CIO — On Aug. 1, 2002, when Christopher Lofgren reported to work at Schneider National in his new position as president and CEO, he didn’t feel any smarter or any more powerful than he had felt in his previous roles as COO and CIO with the transportation and logistics company.
Yet, he had changed—immediately—in the minds of his colleagues who had seen him come of age at the Green Bay, Wis.-based company (see box). Suddenly, everyone from the receptionist to the CFO was reading into Lofgren’s every word and action, looking for hidden meaning, as if each frown and furrowed brow were biblical signs. It was an outcome that Lofgren had never anticipated but turned out to be a valuable leadership lesson from his first year as CEO: He’s had to raise his awareness of how people perceive him and to adapt to being in the spotlight, nonstop.
"You look at the [CEO] job when you don’t have it but operate close enough to it, and you think you understand it and what’s going to be required of you when you move into it. In general, what you think is true. But all these subtleties of the role that you couldn’t predict surface when you actually step into it," he says.

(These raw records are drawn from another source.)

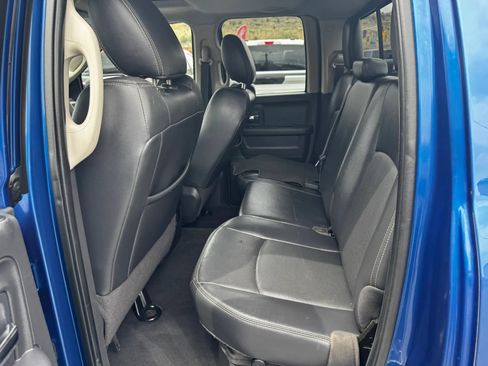 Used 2011 RAM 1500 Sport w/ Sport Premium Group AWD/4WD image 13
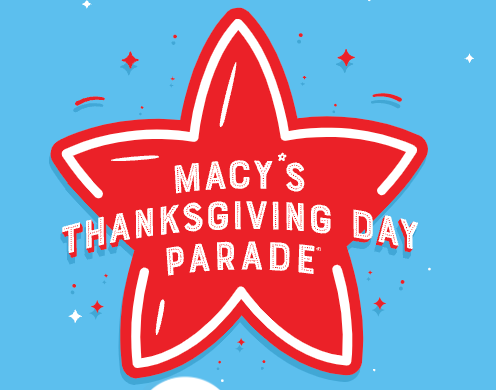 Macy's Thanksgiving Day Parade on Hulu+ Live TV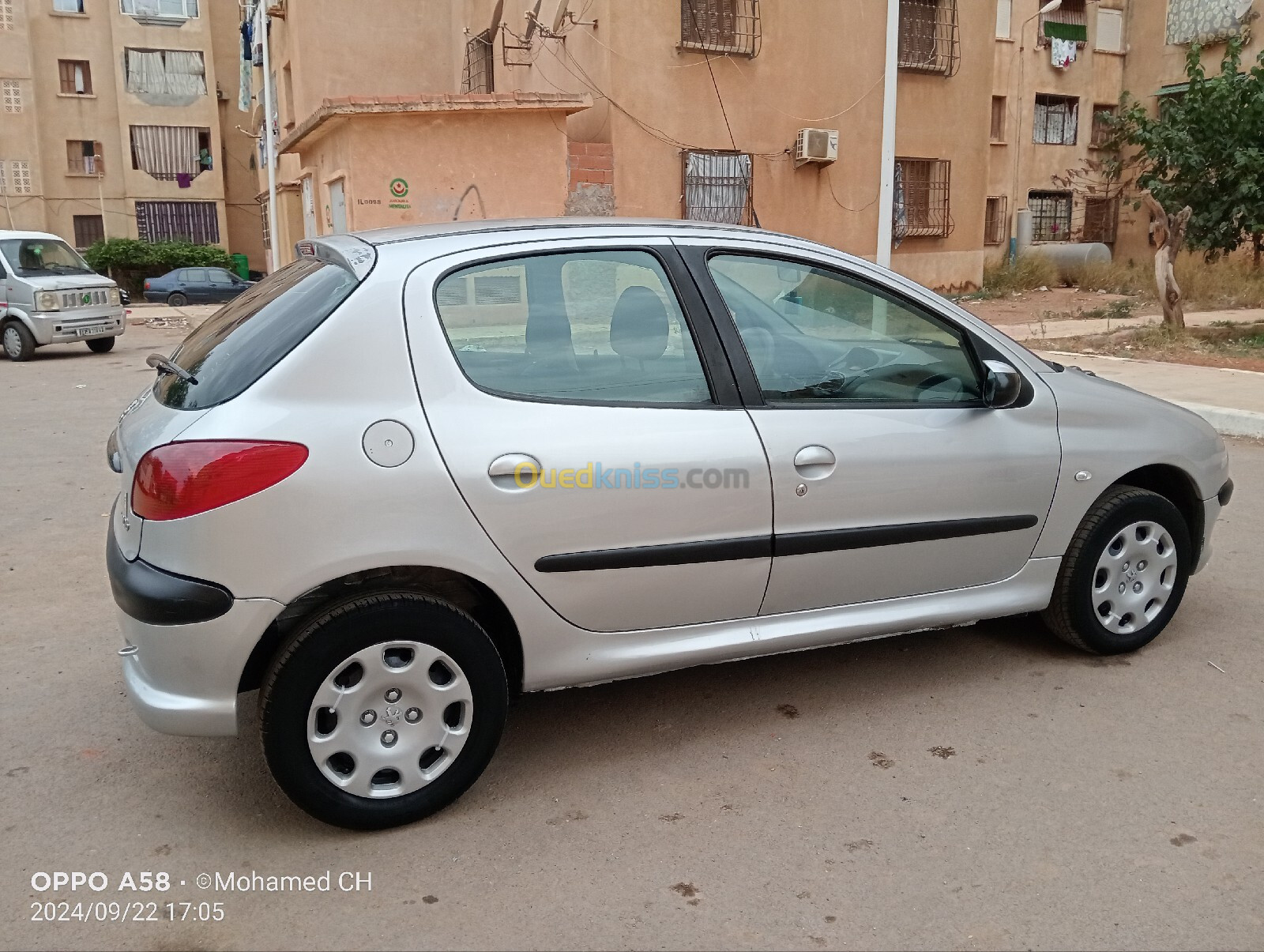 Peugeot 206 2004 206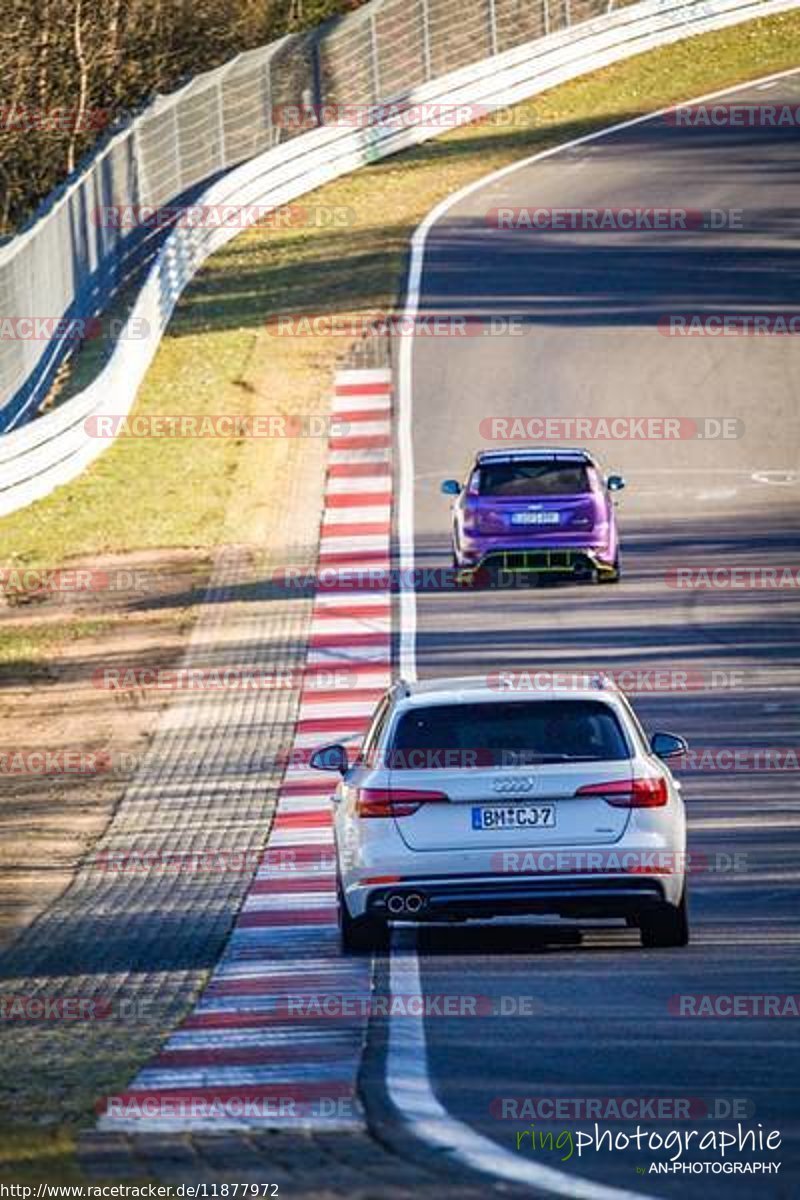 Bild #11877972 - Touristenfahrten Nürburgring Nordschleife (29.03.2021)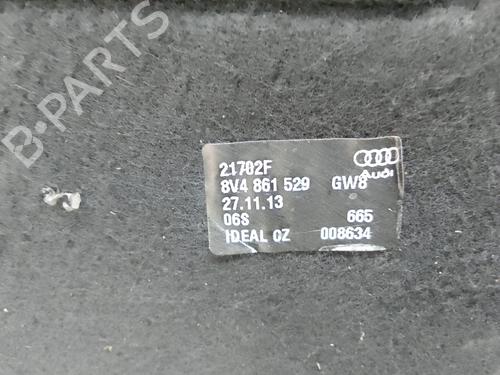 Luggage compartment floor AUDI A3 (8V1, 8VK) 1.4 TFSI | BP29396625I33 
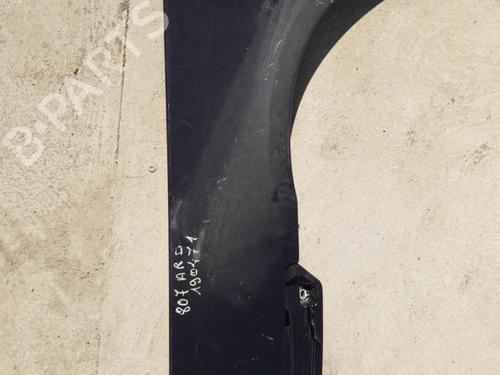 Used Right rear fenders PEUGEOT 807 (EB_) 2.2 HDi (128 hp) 23716337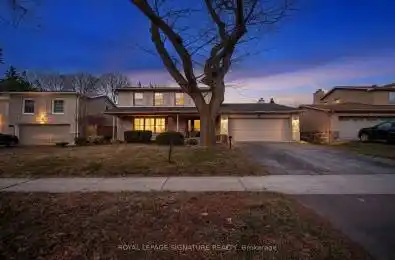 31 Hatherton Crescent Toronto C13 Ontario M3A 1P6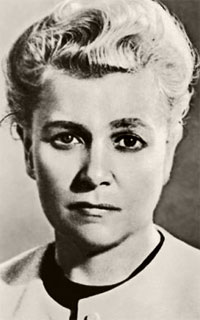 Екатерина Фурцева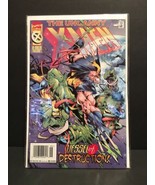 Uncanny X-MEN # 324 Marvel Comic Book Vessel of Destruction September Se... - £11.25 GBP
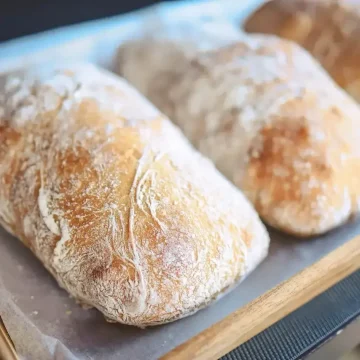 Ciabatta Ekmeği Kalori ve Besin Değerleri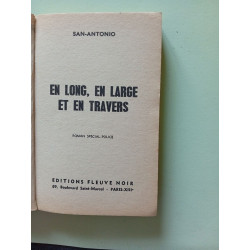 En long en large et en travers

Lofgren says he has also had to adjust to the inherent differences between the tactical, short-term obsessed COO role and the strategic, long-term focused CEO post.
As COO, Lofgren’s job was to push people to do their best work. While he still does this as CEO, he has learned to know when to be demanding. For example, during one meeting of the company’s top executives, Lofgren was dissatisfied with the level of discussion and was trying to advance it. His demands for a more pointed discussion, however, shut down the conversation entirely. He understood people could tell he was unhappy with the meeting. Afterward, he realized that he should have let the conversation run its course rather than force a change.
"You want [as CEO] to create an environment where everyone is engaged in discussions. To the extent that you express your unhappiness, you can shut them down," he says.
Lofgren has also learned that IT is even more important and more strategic than he ever thought—even when he was chief information and logistics officer. That is not to say, however, that he’s a pushover for IT investments. Lofgren says as CEO he’s more demanding of the analysis that goes into business cases for IT investments and of the returns expected from them.